The importance of South America’s contribution to world football is unequivocal. Since 2005-06, every UEFA Champions League winning team has had at least one South American in their line-up and that list is impressive: Lionel Messi, Neymar and Luis Suarez (Barcelona), Roberto Firmino (Liverpool), David Luiz (Chelsea), Marcelo (Real Madrid), Diego Milito (Inter), Philippe Coutinho and Dante (Bayern Munich) and Kaká (AC Milan). 

Argentinian and Brazilian players are among the most coveted in world football. According to CIES Football Observatory, there are around 1,300 Brazilians playing in top level football across major football leagues and 800-plus Argentinians. Of this year’s semi-finalists, Santos’s Kaio Jorge, an 18 year-old striker, has caught the attention of Real Madrid and is being tipped to become the “new Neymar”. River Plate have Julián Álvarez (20) who could be heading to Europe before too long.

Football cities in Latin America are among the most fanatical in the world, so the absence of fans makes for a somewhat sterile atmosphere. As the 2018 Libertadores final showed, Buenos Aires is a fermenting hotbed of football. It also highlighted that occasionally, things get out of hand, but a researcher at San Martin University, Diego Murzi, said “in Argentina, there is a football culture in which violence is legitimate, and not just by the ‘barras’ but by everyone who attends.” The popular and frequently televised image of the region’s football fans, nevertheless, is of Samba-dancing, drum-bashing, happy-go-lucky characters urging their team to play beautiful football, notably the Brazilians and their devotion to “jogo bonita”. 

The winners of the Copa Libertadores pocket US$ 12 million and go straight into the FIFA Club World Cup, joining the likes of Bayern Munich, UANL (Mexico), Ulsan Hyundai (South Korea) and Al-Ahly (Egypt). 

If River Plate are to get to Qatar, they will have to produce something monumental to overturn a three-goal deficit against Palmeiras.
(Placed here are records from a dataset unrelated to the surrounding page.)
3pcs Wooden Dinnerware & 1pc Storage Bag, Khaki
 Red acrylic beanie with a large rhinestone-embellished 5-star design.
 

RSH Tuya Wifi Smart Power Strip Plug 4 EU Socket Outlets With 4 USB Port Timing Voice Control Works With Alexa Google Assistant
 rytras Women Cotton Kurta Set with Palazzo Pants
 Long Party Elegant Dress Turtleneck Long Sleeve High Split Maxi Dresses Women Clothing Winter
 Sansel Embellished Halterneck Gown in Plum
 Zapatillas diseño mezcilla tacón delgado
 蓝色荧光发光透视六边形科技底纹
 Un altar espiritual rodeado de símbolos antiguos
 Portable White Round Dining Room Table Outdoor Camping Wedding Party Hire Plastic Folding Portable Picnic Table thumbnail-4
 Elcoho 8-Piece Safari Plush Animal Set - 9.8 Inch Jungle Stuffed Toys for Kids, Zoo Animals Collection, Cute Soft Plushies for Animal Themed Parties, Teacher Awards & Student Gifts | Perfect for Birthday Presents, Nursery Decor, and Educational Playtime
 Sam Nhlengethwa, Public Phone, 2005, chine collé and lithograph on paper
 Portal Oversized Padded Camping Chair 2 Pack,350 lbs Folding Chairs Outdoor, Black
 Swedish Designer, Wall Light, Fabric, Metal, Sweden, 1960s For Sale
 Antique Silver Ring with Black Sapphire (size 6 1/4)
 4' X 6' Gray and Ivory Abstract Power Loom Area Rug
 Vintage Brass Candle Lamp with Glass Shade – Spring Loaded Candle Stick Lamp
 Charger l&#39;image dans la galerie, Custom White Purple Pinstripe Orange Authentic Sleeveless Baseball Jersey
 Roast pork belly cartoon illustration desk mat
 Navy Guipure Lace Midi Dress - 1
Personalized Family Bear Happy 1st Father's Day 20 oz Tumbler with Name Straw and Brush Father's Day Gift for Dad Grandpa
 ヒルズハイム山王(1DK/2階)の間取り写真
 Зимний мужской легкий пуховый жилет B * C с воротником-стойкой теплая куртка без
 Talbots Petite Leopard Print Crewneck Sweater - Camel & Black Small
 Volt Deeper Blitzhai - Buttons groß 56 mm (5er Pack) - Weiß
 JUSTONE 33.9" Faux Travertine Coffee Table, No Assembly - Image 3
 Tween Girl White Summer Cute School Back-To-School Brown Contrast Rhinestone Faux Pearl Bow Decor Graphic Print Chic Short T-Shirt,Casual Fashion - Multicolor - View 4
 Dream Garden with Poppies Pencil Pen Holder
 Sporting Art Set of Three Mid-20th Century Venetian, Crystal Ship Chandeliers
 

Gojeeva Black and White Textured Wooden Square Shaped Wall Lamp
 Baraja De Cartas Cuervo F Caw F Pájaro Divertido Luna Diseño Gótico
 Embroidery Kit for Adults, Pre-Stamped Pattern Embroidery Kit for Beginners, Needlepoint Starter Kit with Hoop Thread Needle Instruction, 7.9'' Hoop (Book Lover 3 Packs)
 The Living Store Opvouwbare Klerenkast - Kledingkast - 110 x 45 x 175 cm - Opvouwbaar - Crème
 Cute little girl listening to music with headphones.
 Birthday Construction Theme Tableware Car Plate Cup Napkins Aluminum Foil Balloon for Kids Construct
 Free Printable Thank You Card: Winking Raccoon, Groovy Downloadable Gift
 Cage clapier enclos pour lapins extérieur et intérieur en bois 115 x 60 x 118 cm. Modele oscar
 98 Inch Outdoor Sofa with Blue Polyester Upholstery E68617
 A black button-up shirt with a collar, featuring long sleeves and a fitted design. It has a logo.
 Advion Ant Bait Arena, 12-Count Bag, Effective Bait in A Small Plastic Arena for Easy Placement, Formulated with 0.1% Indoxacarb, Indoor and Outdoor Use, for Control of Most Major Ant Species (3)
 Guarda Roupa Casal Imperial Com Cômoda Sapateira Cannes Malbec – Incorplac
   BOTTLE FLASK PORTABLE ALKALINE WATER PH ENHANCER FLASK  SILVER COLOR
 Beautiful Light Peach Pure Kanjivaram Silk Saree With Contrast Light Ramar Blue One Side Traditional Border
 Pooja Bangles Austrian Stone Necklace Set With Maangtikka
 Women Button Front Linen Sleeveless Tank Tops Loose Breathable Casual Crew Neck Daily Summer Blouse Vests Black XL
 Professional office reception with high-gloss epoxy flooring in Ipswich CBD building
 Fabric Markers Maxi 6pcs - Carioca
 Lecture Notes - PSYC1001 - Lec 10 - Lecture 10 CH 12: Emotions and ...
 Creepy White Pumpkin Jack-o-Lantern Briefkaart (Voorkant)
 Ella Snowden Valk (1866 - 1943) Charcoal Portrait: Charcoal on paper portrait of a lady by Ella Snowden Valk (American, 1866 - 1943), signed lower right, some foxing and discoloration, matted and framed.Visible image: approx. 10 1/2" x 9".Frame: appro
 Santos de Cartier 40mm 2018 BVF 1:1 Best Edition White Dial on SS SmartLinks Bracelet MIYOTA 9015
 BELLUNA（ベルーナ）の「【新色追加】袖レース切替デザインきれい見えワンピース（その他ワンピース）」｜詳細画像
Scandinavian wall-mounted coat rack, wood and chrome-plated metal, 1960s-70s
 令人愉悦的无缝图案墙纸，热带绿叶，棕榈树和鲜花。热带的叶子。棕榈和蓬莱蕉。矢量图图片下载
Dramatic turnarounds in the semi-finals in the competition are rare, although they could draw inspiration from Boca’s 2007 performance when they lost the first leg 1-3 but produced a 3-0 second leg win against Cúcuta Deportivo. Santos versus Boca is still an open tie and the lack of a passionate local crowd in São Paulo may neutralise home advantage. This game will be worth watching.